WHAT TO PRODUCE: All entries must be repeated exactly; do not include the pictures.

GIVEN RECORDS:
▬▬▬▬▬▬
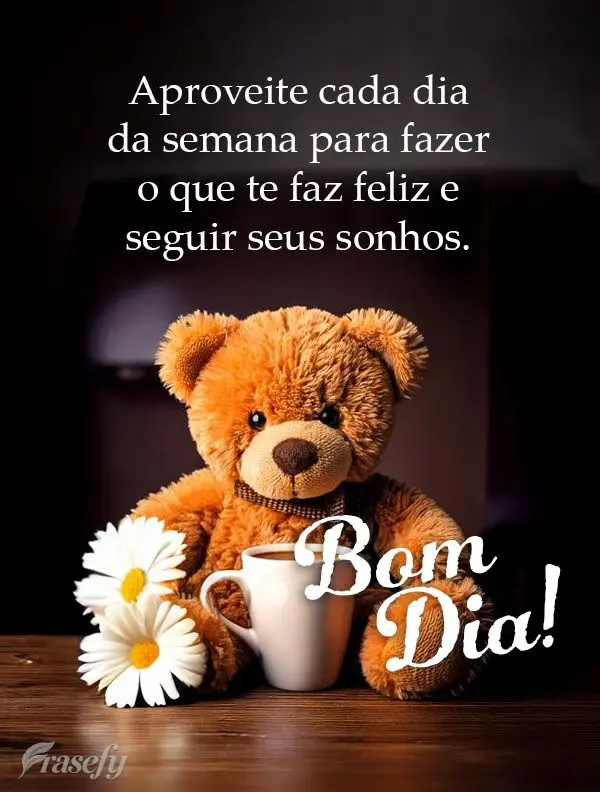 Aproveite cada dia da semana para fazer o que te faz feliz e seguir seus sonhos.  Bom dia!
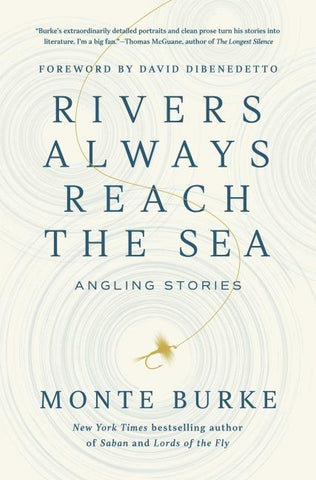 Rivers Always Reach the Sea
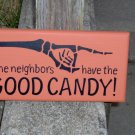 The Neighbors Have The Good Candy Wood Vinyl Sign Halloween Decor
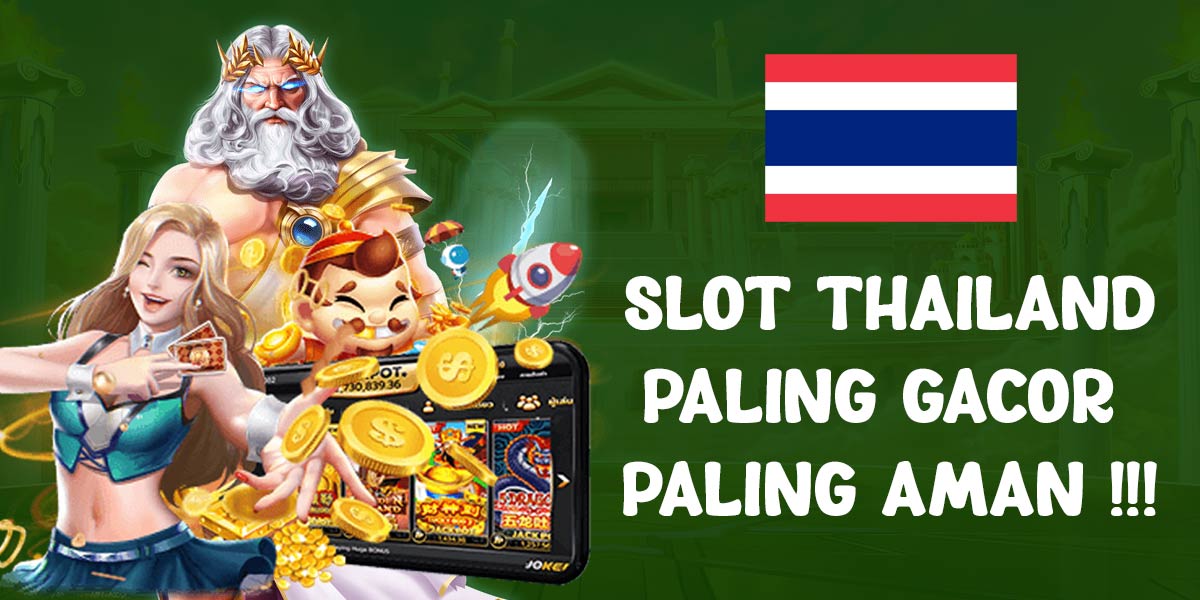 Keuntungan Bermain Slot Gacor Di Link Server Thailand Terpercaya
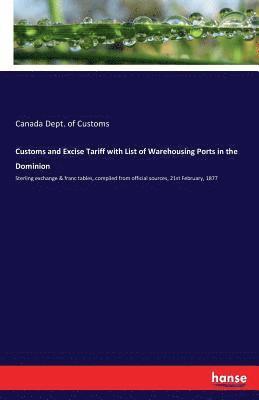 Canada Dept of Customs - Customs and Excise Tariff with List of Warehousing Ports in the Dominion, Häftad. Tillgänglighet: Lägg i varukorg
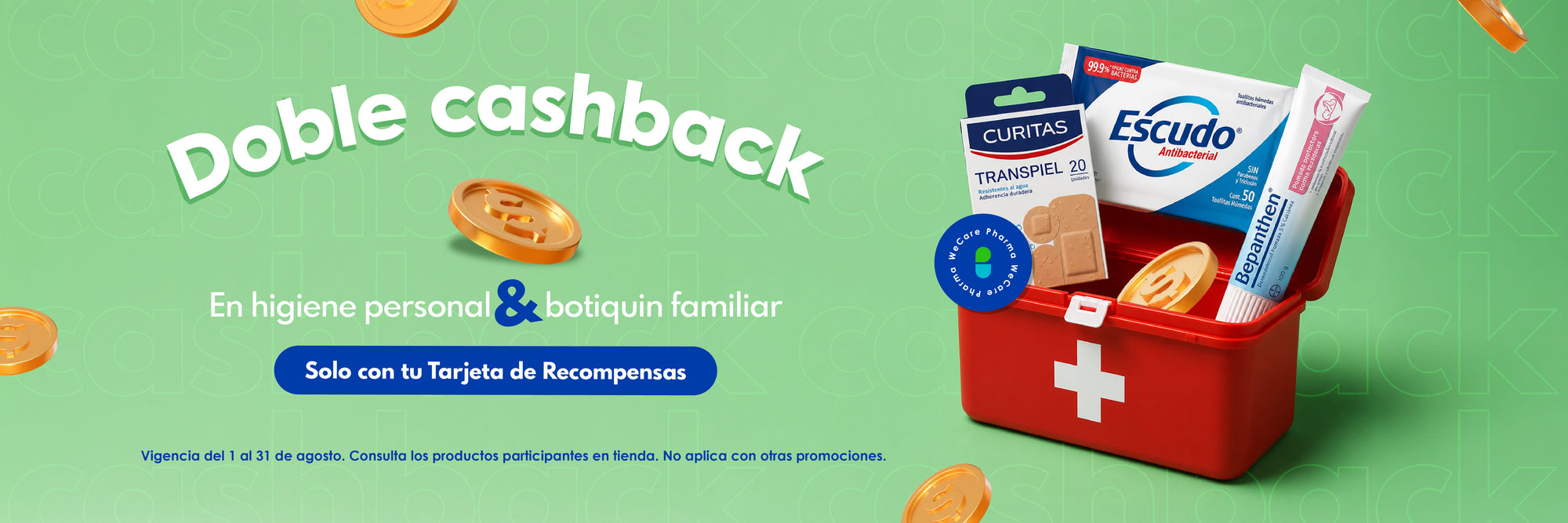 Promoción. Doble Cashback en productos de higiene personal y botiquín familiar, solo con tu tarjeta de recompensas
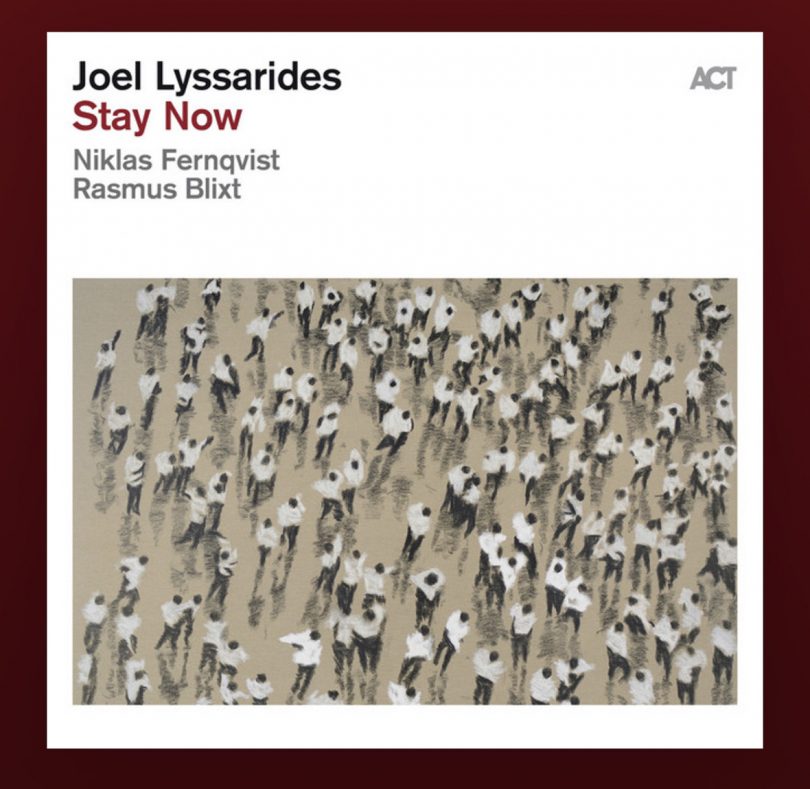 album cover that reads Joel Lyssarides Stay Now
▬▬▬▬▬▬
RESPONSE AREA:
 Aproveite cada dia da semana para fazer o que te faz feliz e seguir seus sonhos.  Bom dia!
 Rivers Always Reach the Sea
 The Neighbors Have The Good Candy Wood Vinyl Sign Halloween Decor
 Keuntungan Bermain Slot Gacor Di Link Server Thailand Terpercaya
 Canada Dept of Customs - Customs and Excise Tariff with List of Warehousing Ports in the Dominion, Häftad. Tillgänglighet: Lägg i varukorg
 Promoción. Doble Cashback en productos de higiene personal y botiquín familiar, solo con tu tarjeta de recompensas
 album cover that reads Joel Lyssarides Stay Now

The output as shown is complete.